======== Records shown ========

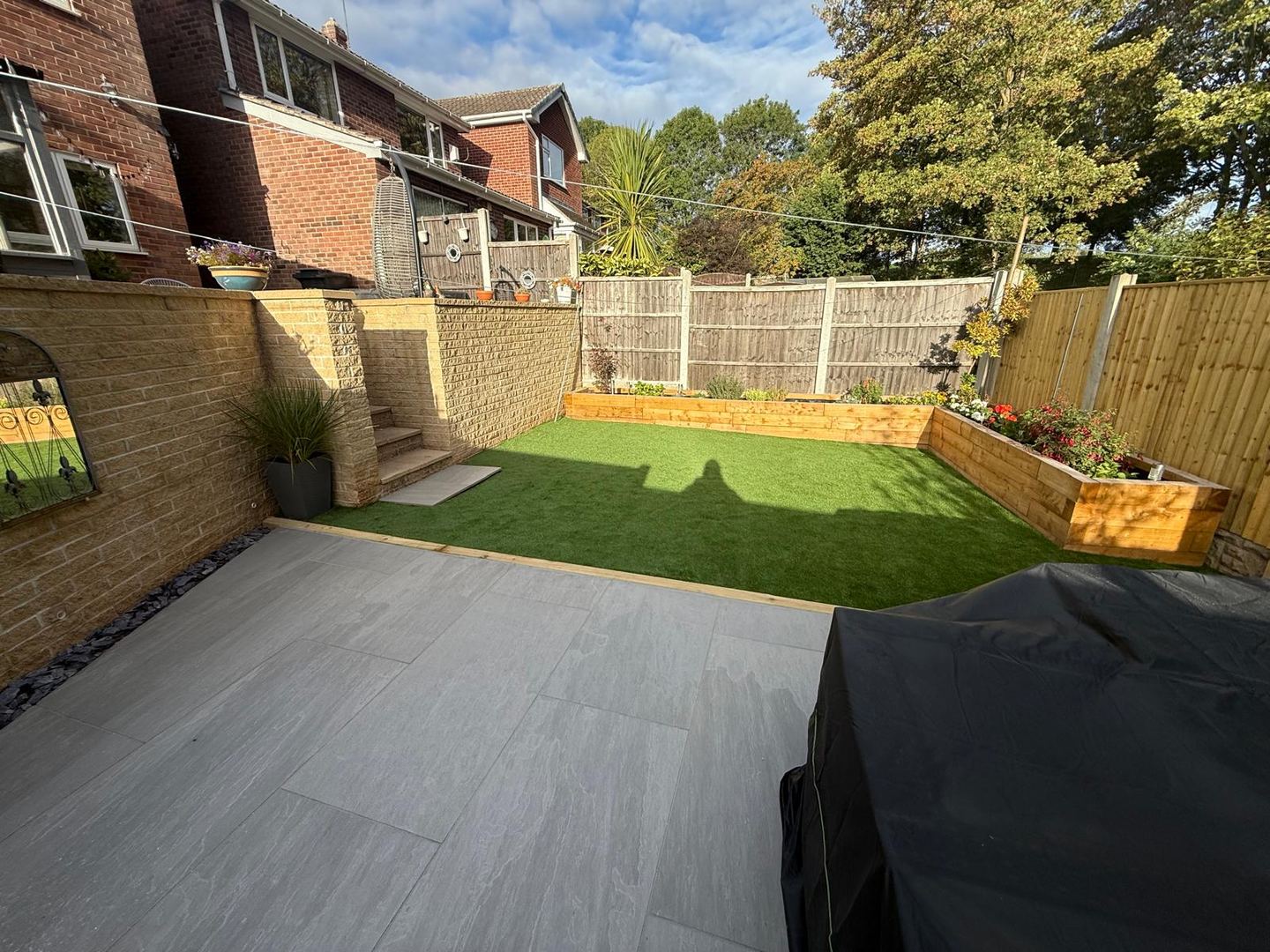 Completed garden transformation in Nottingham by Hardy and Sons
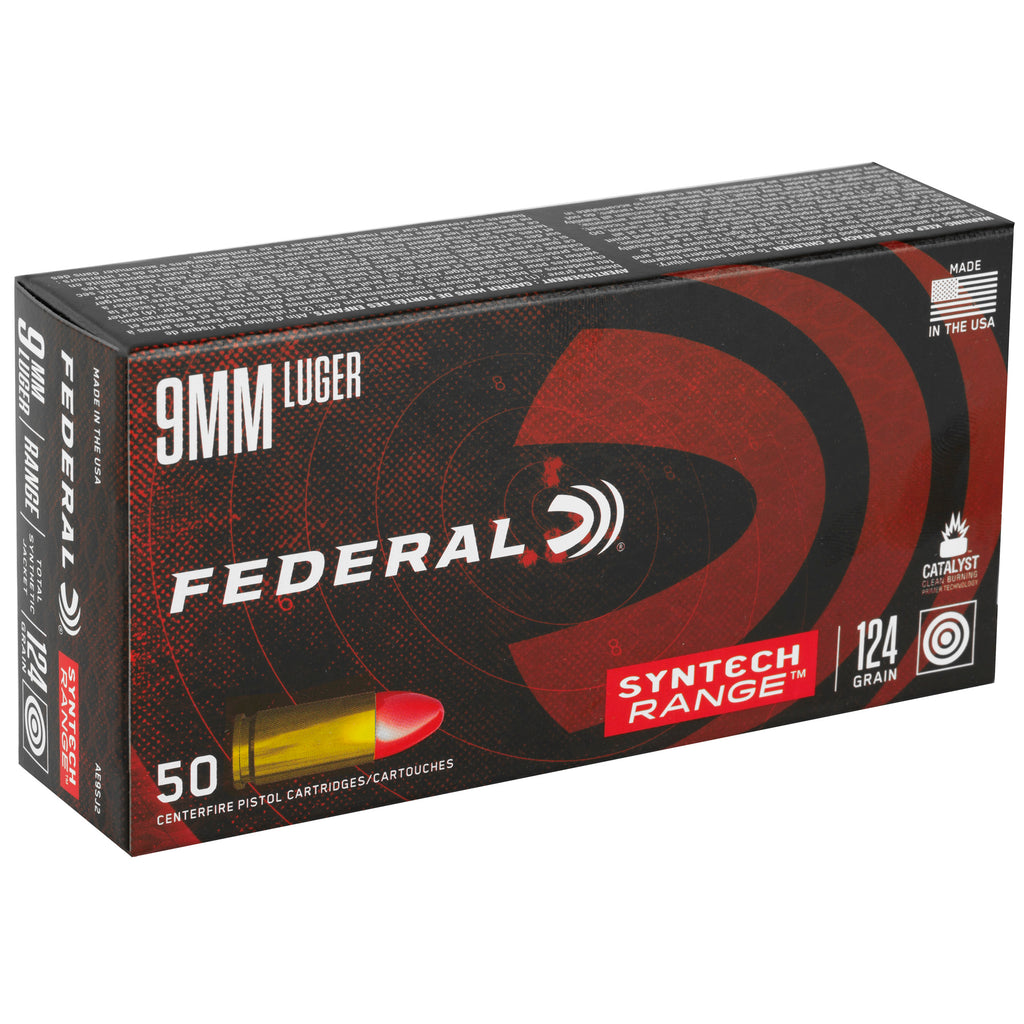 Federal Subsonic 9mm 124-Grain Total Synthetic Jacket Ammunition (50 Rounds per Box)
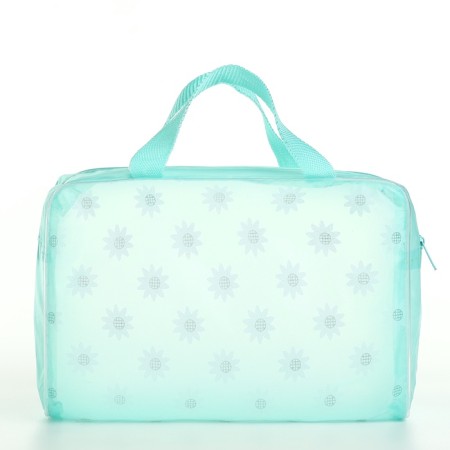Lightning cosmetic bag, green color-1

========
======== Records shown ========

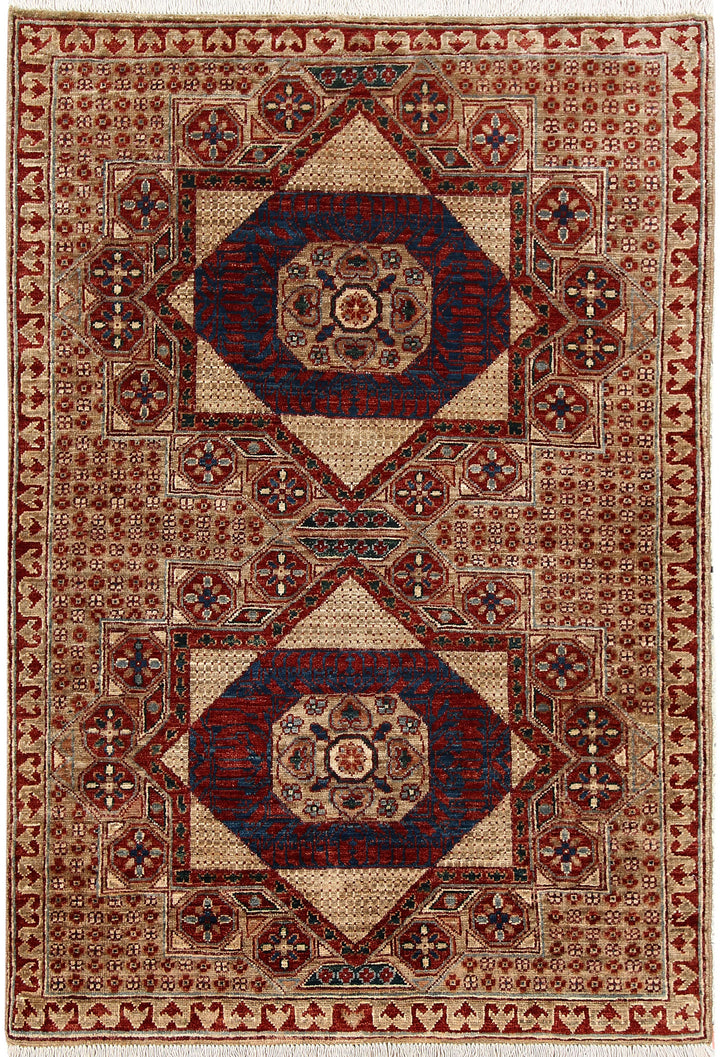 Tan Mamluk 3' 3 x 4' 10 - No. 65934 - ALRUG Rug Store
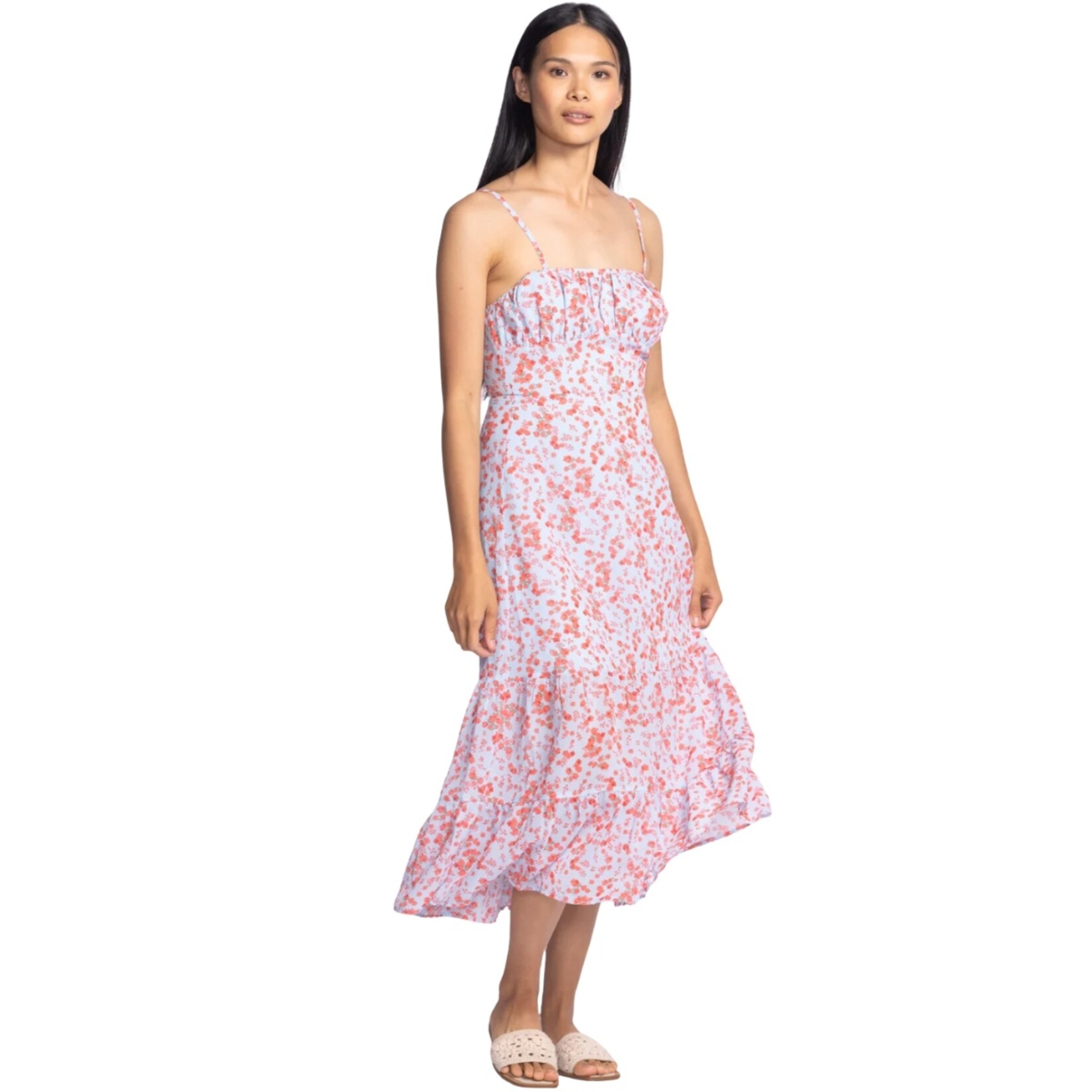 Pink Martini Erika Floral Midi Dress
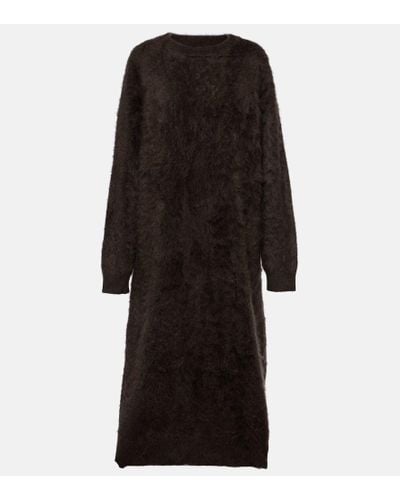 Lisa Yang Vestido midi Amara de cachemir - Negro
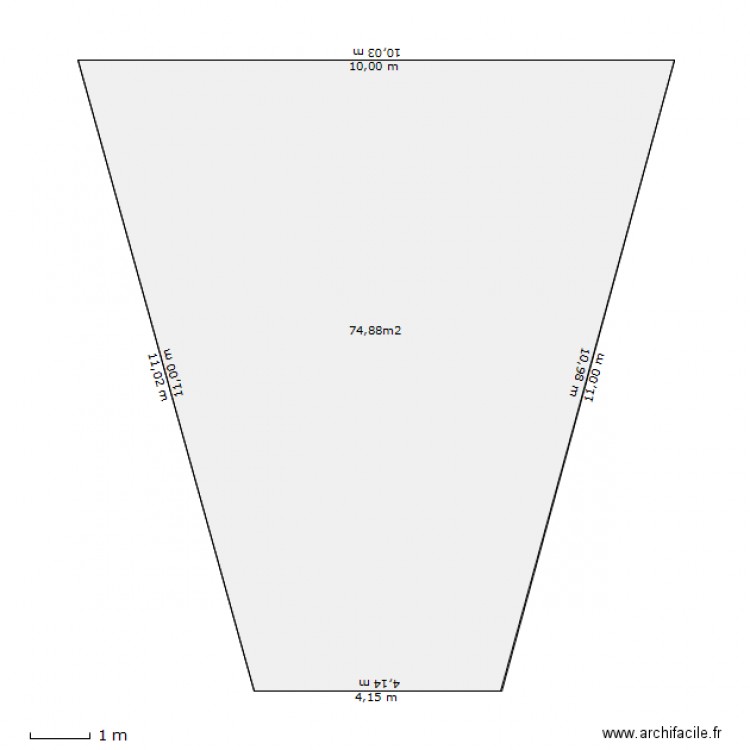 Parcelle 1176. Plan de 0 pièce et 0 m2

========

▶ About this task: An exact copy is needed of the stretch above that opens with the line containing "Tan Mamluk 3'" and closes with the line containing "Parcelle 1176. Plan de 0 pièce et 0 m2"; the pictures are not part of it.

▶ Answer to this problem:
 Tan Mamluk 3' 3 x 4' 10 - No. 65934 - ALRUG Rug Store
 Pink Martini Erika Floral Midi Dress
 Lisa Yang Vestido midi Amara de cachemir - Negro
 Parcelle 1176. Plan de 0 pièce et 0 m2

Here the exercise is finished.